__Assignment__. Write out exactly the lines below starting at the one containing "Silver Sequins Long" and ending at the one containing "Home Alone Merry". Omit every picture.

__Records for processing__.
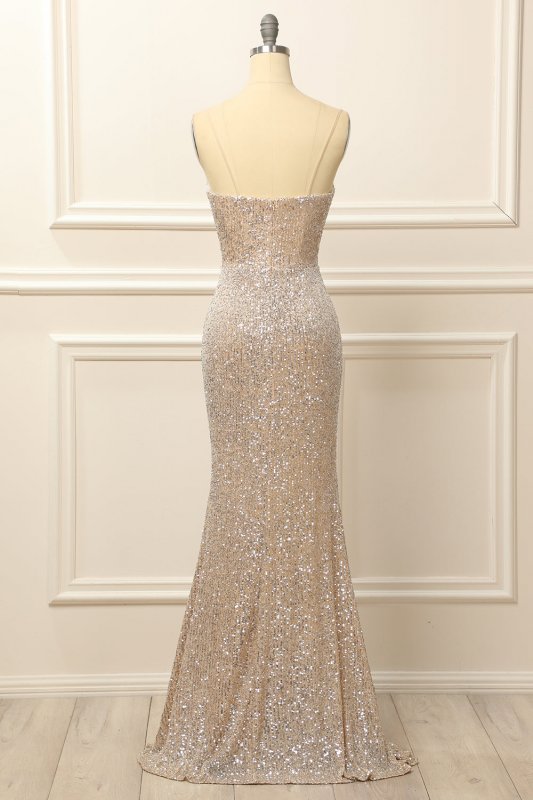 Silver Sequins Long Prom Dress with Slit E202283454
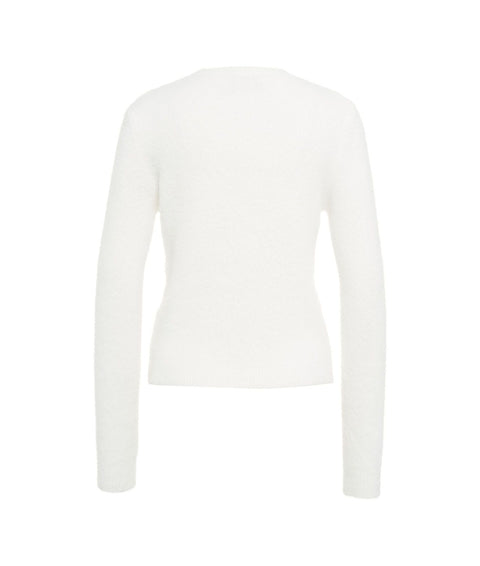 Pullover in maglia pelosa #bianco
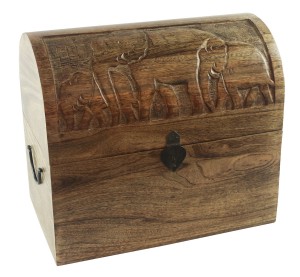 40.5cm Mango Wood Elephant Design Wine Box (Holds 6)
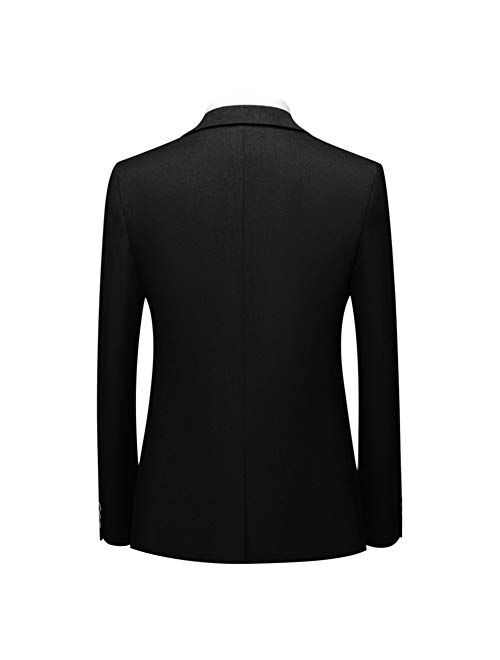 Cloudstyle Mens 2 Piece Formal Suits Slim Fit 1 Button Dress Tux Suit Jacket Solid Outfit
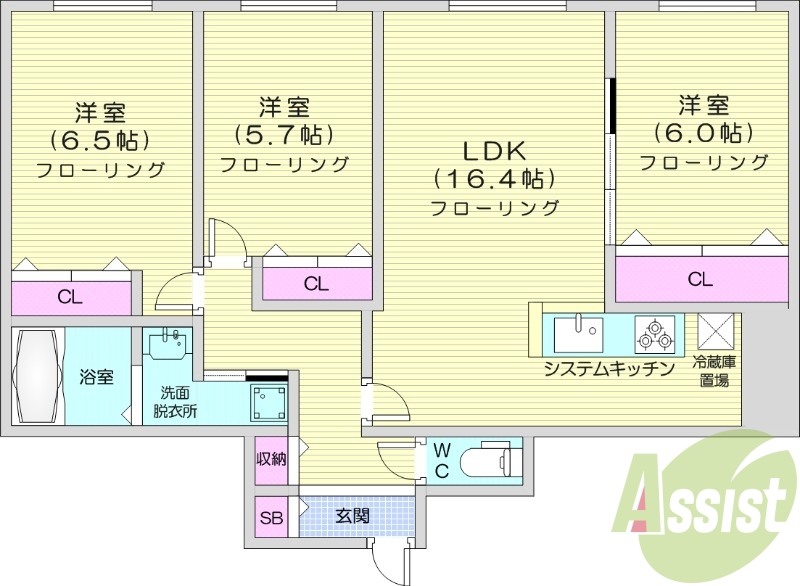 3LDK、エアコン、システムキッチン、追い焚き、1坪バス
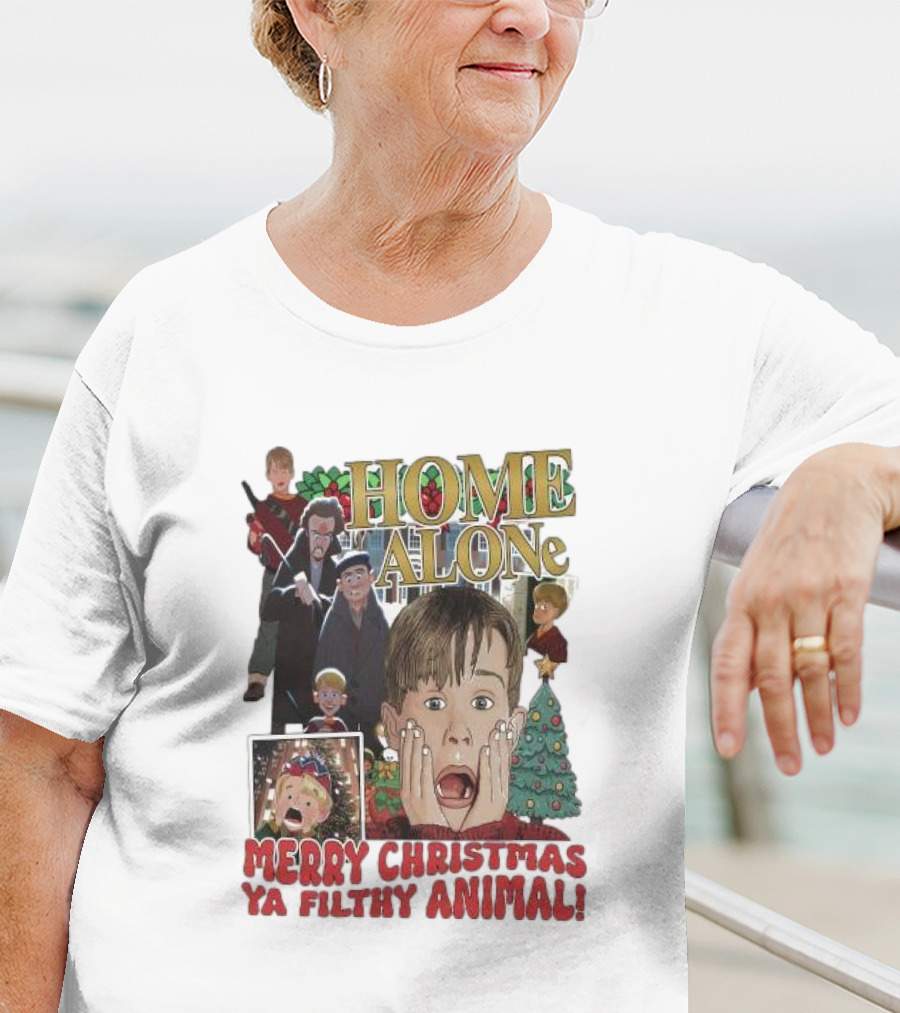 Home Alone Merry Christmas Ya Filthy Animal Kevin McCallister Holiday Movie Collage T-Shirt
...
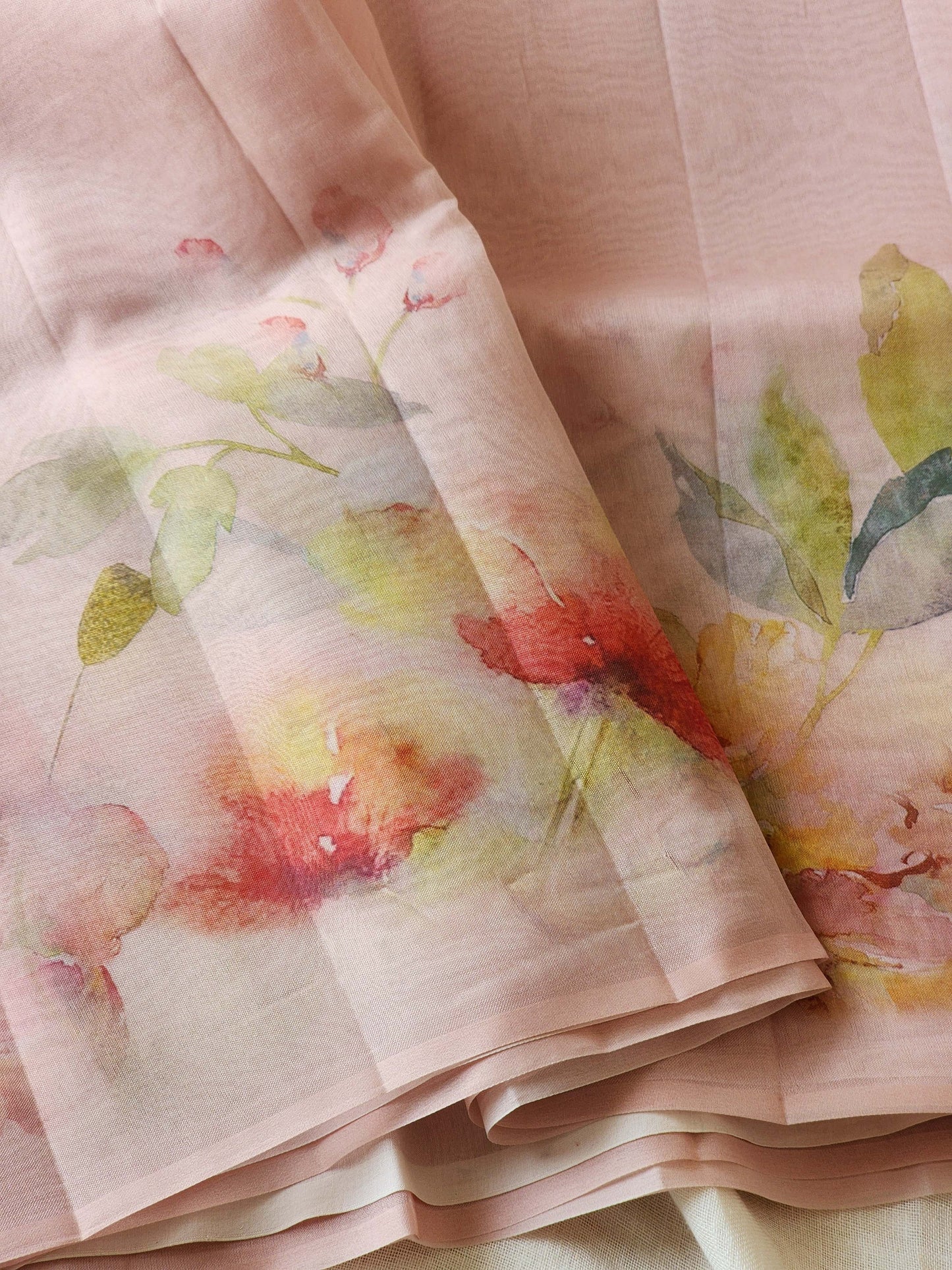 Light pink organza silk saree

__Exercise solution__.
 Silver Sequins Long Prom Dress with Slit E202283454
 Pullover in maglia pelosa #bianco
 40.5cm Mango Wood Elephant Design Wine Box (Holds 6)
 Cloudstyle Mens 2 Piece Formal Suits Slim Fit 1 Button Dress Tux Suit Jacket Solid Outfit
 3LDK、エアコン、システムキッチン、追い焚き、1坪バス
 Home Alone Merry Christmas Ya Filthy Animal Kevin McCallister Holiday Movie Collage T-Shirt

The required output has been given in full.